Author: Robert Force, John Griffin
Date/Studio: 1978 Kaye-Smith, Seattle, WA
Engineer: Dave Mathew
Producer: Bill Tootell
Original Release: Crossover (KM308)
Current Release: The Complete Recordings (BSR 158)
Capt'n Barefoot John infected me with the desire to be the swash-buckling captain of my own sailboat, “In the islands”, he said, “90% of the conversations begin with, 'Hey, mon, you got a boat? I got a great idea.'” Flush with a new Random House check I left the Pilgrim, my river-bound steel lifeboat on the Multnomah Channel and booked air passage to Charlotte Amalie, Virgin Islands. There I would board John's black-hulled schooner, the Southwind, and begin a life of adventure on the high seas.

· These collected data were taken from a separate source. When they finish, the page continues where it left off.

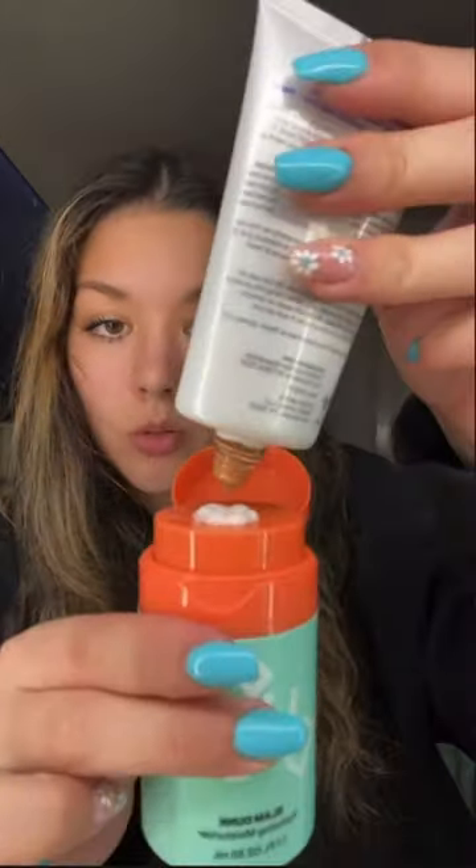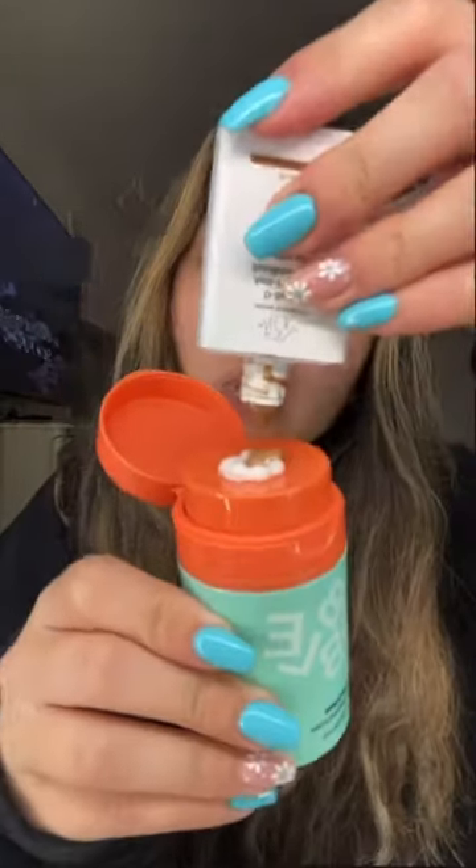You get this Bubble Slam Dunk moisturizer, you're gonna do one pump. Then you're gonna get this Glow Screen — this one's the golden hour one — and you're gonna put some right there. Then you're gonna take Drunk Elephant sun drops and put some here. Then you're just gonna mix it on the little tray.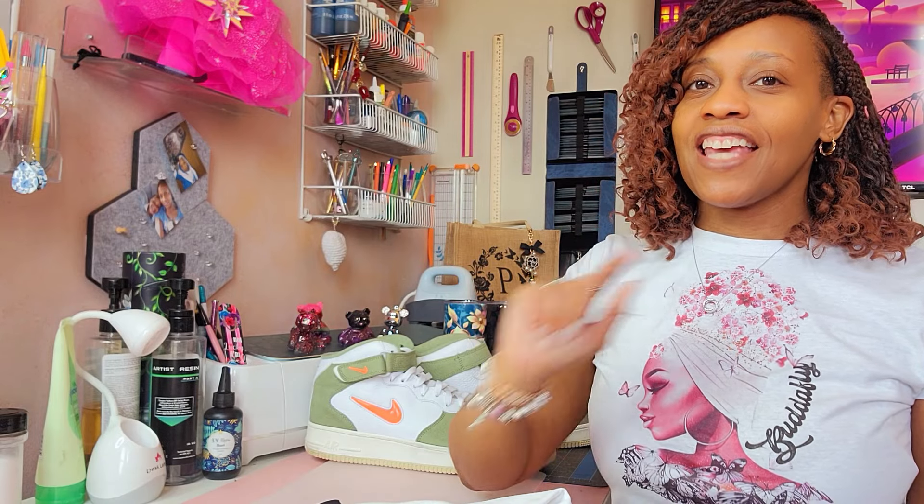Hey guys, Portia here and today I'll be working on one of my favorite types of projects. I'm going to be using the DTF sublimation hack to create a graphic tee that's going to specifically match this pair of gym shoes here. I always like to do this kind of project because sometimes my color matching is off and sometimes it works, so it creates a little bit of mystery. But anyway guys, let's go ahead and jump right in.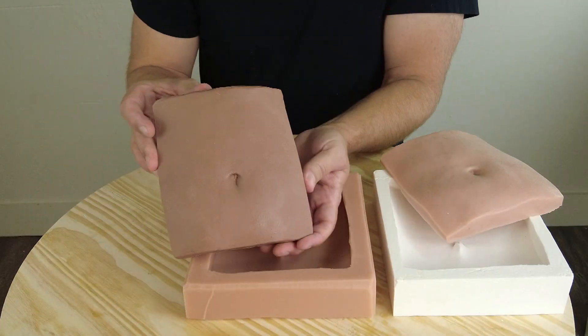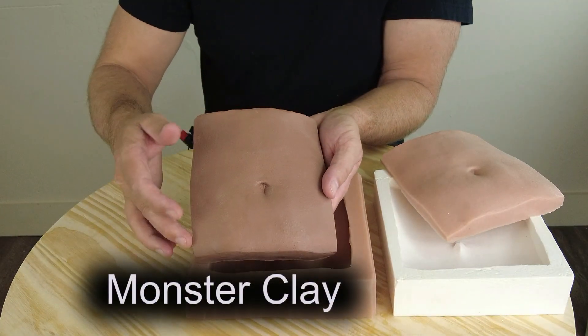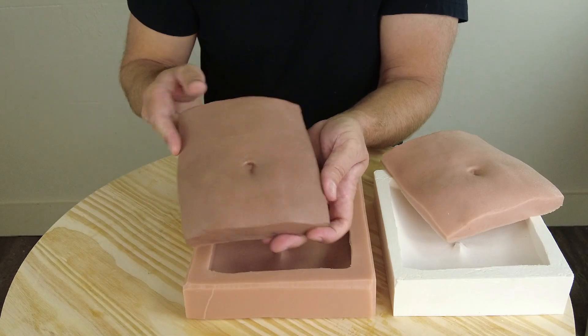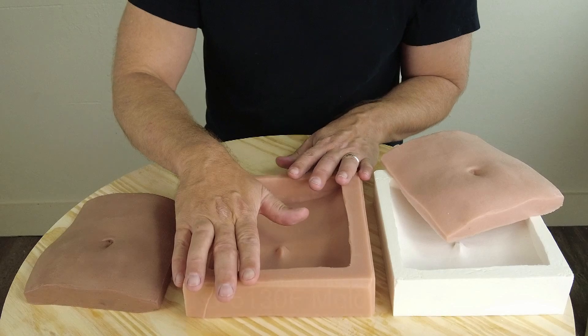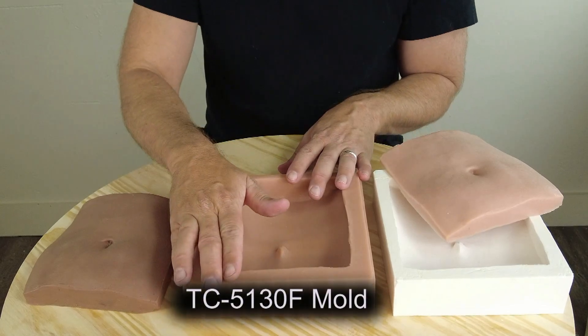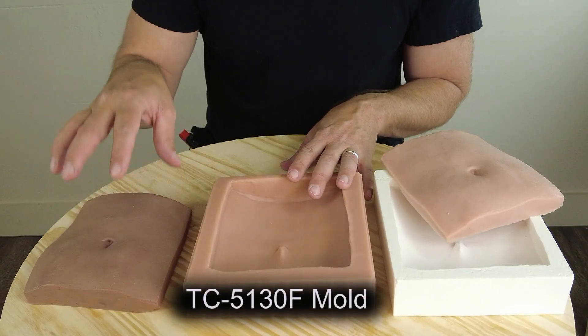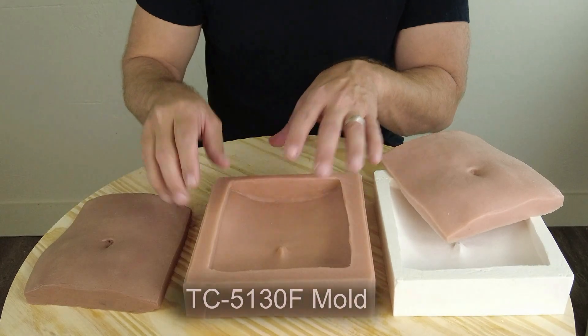We'll be starting with our clay positive. I'm not going to do a full breakdown of sculpting, just some quick tips for cleaning up a clay pattern. We're going to take that clay pattern and mold it with platinum silicone. Here we have a 5130 platinum silicone mold that we're going to make of our clay positive. And we're also going to show how to check for potential cure inhibition on that pattern.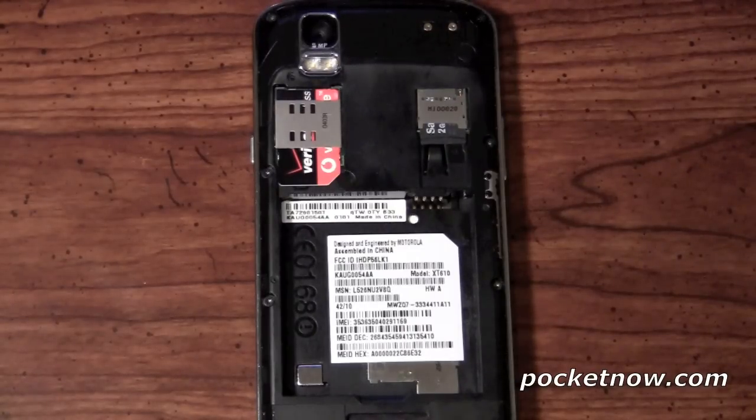In terms of the connectivity options, you're going to have Wi-Fi B, G, and N — which is good to see that N included there. And of course you're going to have Bluetooth 2.1 capability.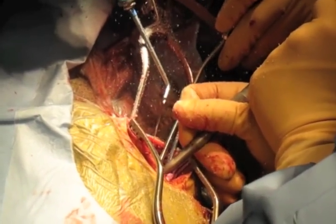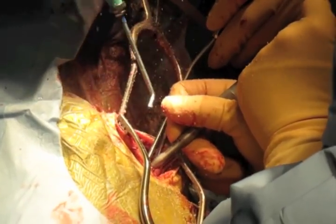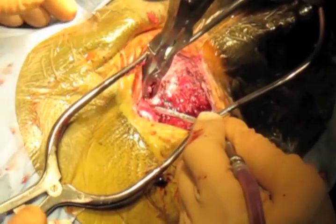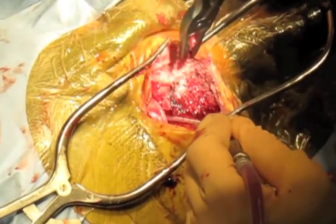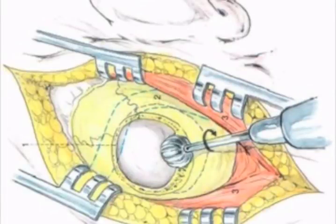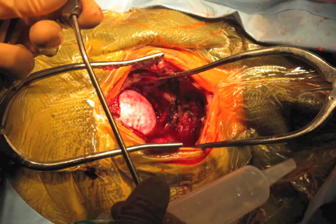At this time, a craniectomy is performed using a combination of high-speed drill and Rongeur instruments, taking care to leave the dura intact. The craniectomy is extended with the transverse and sigmoid sinuses providing the superior and lateral limits respectively. The medial and inferior limits depend on the case and amount of exposure necessary.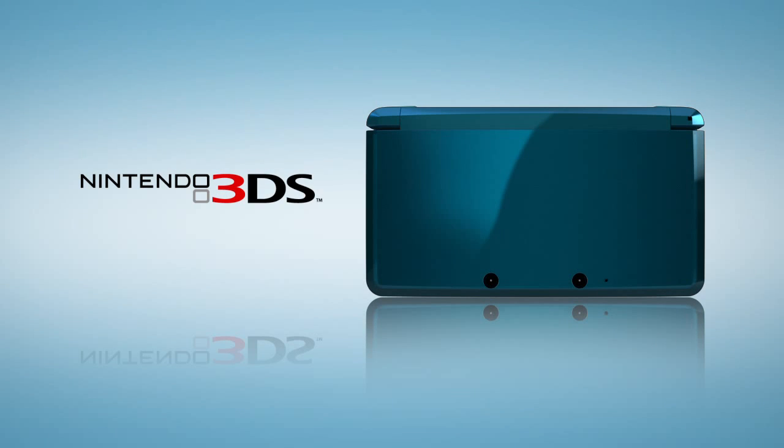This is Nintendo 3DS. As you get acquainted, you'll notice that some things are very familiar, and that some are new not only for Nintendo, but for any existing portable entertainment.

Southwind was in the harbor and I contacted the current live-a-board. She freaked out. Apparently the vessel had two owners and her status was based on that other person's permission to be there. I was denied boarding or even visiting rights. My funds did not include the contingency that I would have to pay for a place to live. I began catching a few gigs sitting in with lounge bands at tourist traps.
I also found my way to Sparky's in Creeque Alley and sang a few songs where the Mamas and Papas got their start. I was treading the path of musical history. But a few bucks and a couple of beers were not going to do it. That's when the truth struck me. Six or seven large cruise ships a day disgorged thousands of passengers into Charlotte Amalie's narrow streets. Staying in the Virgin Islands meant I would have to adapt to an economy based on selling things and services (like music) to tourists.
The mainland was left behind with the idea in mind that if I was going to be true to my music then I should continue to travel. In Search had been published. I viewed that as “time out” from doing. There is a poem in the book where I talk about my music sleeping while I was writing. Stateside I had been asked to be part of a recording project. That, too, seemed like a divergent course from the true path of music. I was very anti-establishment and did not want to be co-opted by the music business.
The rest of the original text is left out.